1. Individualized glycemic control for type 2 diabetic patients could save the United States billions of dollars annually compared to uniform glycemic control.
2. Although individualized control increased complications (resulting in slightly decreased life expectancy), it created more quality-adjusted life-years (QALYs) due to reduced medications and hypoglycemic events.

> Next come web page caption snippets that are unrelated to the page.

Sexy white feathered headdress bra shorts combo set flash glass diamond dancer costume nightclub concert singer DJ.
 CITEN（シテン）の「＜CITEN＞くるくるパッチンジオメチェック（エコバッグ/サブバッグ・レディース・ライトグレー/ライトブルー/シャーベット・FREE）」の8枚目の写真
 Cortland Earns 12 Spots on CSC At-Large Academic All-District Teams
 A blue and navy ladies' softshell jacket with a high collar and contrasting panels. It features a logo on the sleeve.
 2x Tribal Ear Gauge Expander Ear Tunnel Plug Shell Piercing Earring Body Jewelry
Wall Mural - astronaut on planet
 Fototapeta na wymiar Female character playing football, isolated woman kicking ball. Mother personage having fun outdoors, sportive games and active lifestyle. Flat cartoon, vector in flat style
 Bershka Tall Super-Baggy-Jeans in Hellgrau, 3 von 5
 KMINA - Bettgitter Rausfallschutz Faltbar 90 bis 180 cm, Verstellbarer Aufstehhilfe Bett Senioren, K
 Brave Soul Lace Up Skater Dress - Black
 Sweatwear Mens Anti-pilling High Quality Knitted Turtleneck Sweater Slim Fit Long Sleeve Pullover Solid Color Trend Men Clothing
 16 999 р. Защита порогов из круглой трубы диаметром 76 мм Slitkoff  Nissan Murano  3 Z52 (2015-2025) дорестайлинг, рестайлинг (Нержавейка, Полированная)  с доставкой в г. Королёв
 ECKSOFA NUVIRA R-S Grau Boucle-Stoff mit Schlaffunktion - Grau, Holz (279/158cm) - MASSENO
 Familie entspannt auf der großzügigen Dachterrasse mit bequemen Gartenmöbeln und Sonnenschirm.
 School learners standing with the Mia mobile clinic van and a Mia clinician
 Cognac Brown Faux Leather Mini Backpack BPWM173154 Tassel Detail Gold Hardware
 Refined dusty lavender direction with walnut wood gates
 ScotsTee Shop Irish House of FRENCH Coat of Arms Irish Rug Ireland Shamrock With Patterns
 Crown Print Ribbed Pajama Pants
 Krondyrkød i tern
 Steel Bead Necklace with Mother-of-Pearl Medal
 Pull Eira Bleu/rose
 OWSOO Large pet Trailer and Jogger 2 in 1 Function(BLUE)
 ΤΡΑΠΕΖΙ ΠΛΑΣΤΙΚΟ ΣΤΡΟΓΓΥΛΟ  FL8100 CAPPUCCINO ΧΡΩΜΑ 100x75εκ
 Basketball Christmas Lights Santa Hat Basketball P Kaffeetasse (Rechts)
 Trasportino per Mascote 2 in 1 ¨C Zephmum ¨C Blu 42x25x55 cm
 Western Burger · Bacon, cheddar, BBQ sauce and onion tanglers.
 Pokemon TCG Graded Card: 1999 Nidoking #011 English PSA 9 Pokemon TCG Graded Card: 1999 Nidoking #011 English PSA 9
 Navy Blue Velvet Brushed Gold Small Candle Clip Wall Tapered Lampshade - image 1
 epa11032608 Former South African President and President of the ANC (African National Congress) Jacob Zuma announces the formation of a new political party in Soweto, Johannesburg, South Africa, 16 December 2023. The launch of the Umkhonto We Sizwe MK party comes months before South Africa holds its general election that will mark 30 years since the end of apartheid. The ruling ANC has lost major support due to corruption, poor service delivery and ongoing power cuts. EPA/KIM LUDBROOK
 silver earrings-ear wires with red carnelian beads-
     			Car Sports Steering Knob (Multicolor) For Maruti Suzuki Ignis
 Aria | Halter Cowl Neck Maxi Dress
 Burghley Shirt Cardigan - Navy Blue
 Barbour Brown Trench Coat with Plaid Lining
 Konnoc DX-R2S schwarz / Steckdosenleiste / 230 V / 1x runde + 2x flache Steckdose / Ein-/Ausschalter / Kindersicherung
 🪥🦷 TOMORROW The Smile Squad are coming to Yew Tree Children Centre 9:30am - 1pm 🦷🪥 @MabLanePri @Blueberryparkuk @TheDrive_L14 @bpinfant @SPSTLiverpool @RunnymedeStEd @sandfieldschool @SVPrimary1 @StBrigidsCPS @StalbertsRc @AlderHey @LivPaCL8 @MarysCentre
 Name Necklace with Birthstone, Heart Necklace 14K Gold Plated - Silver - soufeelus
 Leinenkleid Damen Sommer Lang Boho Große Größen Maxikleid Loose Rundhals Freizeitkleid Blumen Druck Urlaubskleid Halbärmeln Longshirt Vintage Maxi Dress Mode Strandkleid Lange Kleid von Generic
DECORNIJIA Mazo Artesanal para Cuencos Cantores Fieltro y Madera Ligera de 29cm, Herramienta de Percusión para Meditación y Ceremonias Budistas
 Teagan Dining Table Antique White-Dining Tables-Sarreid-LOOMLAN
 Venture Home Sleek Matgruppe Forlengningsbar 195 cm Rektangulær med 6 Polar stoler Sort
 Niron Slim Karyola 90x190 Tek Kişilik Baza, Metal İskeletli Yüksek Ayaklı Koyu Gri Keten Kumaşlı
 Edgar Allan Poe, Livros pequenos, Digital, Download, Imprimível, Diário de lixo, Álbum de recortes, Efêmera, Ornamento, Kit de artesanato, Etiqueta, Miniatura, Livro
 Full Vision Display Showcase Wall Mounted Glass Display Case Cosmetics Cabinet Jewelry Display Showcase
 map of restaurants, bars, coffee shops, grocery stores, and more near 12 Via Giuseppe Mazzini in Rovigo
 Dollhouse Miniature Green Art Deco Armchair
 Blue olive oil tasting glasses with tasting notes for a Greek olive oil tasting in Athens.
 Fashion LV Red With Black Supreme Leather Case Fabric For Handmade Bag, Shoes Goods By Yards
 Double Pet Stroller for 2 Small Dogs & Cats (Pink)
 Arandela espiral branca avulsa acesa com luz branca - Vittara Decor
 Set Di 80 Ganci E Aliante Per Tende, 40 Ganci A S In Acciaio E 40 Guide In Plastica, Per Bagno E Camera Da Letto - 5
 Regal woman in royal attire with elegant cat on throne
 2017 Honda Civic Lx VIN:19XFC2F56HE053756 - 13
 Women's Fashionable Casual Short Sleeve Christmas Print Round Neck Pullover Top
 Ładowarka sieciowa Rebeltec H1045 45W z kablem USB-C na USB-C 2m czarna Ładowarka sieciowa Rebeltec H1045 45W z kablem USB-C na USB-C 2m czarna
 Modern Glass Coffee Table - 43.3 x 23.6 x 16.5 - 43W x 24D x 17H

Evidence Rating Level: 2 (Good)
Study Rundown: The cost of diabetes in the United States is approximately $245 billion per year, which makes cost reduction important. For type 2 diabetes, intensive glycemic control has been shown to be an economical standard of care. However, there is growing evidence that intensive control may be harmful, prompting the American Diabetes Association (ADA) to advise that glycemic goals be customized. The authors compared individualized control against uniform intensive control in terms of cost-effectiveness and applied data from the National Health and Nutrition Examination Survey (NHANES) 2011-2012 to a Monte Carlo-based Markov model to estimate average lifetime costs, life-years, and QALYs of 569 diabetic patients. It was estimated that compared to uniform intensive control, individualized control had a cost savings of $13,547 per patient, which is $234 billion when extrapolated to the 17.3 million adults ≥30 years of age with diabetes. Although individualized control increased complications (resulting in slightly decreased life expectancy), it created more QALYs as a result of reduced medications and hypoglycemic events. These results suggested that compared to uniform intensive control, using individualized glycemic control for type 2 diabetic adults may decrease cost and improve quality of life. The authors advised that further research is necessary to investigate the advantages and disadvantages of using individualized glycemic control.
A strength of this study is that it is gives an estimate of the economic implications of individualized glycemic control, which was not previously investigated by other studies. A limitation of the study is that it did not factor in the effects of early compared to later intensive glycemic control.
In-Depth [cost analysis study]: Using data from NHANES 2011-2012, researchers found patients with self-reported diabetes who were ≥30 years old at the time of their diagnosis. This age criteria was used to detect patients with probable type 2 diabetes. Patients with ≥4 missing inputs for the Monte Carlo-based Markov model or had medication data that could not be identified were eliminated, resulting in 569 qualifying participants. Sixty-one was the average age, and half of the patients were female. Uniform intensive goals for glycemic control are considered HbA1c level <7.0%. ADA guidelines stipulate that individualized goals be more or less stringent than this. The authors used the assumption that more and less stringent goals are an HbA1c level <6.5% and less than 8.0%, respectively. Age and comorbidity factors were used to determine in which group patients should be placed. Complications were identified as a self-reported history of an albumin-creatinine ratio >300 mg/g, angina pectoris, congestive heart failure, coronary heart disease, dialysis in the past year, myocardial infarction, retinopathy, stroke, or a diabetic complication occurring at some point during the simulation. Calculated costs included hospital and medication use, complications, and supplies and tests used for self-monitoring. Individualized control cost $105,307 compared to $118,854 for uniform control, which was largely due to medication cost differences ($34,521 compared to $48,763). Individualized control reduced life expectancy (20.63 compared to 20.73 years) but created more QALYs (16.68 compared to 16.58).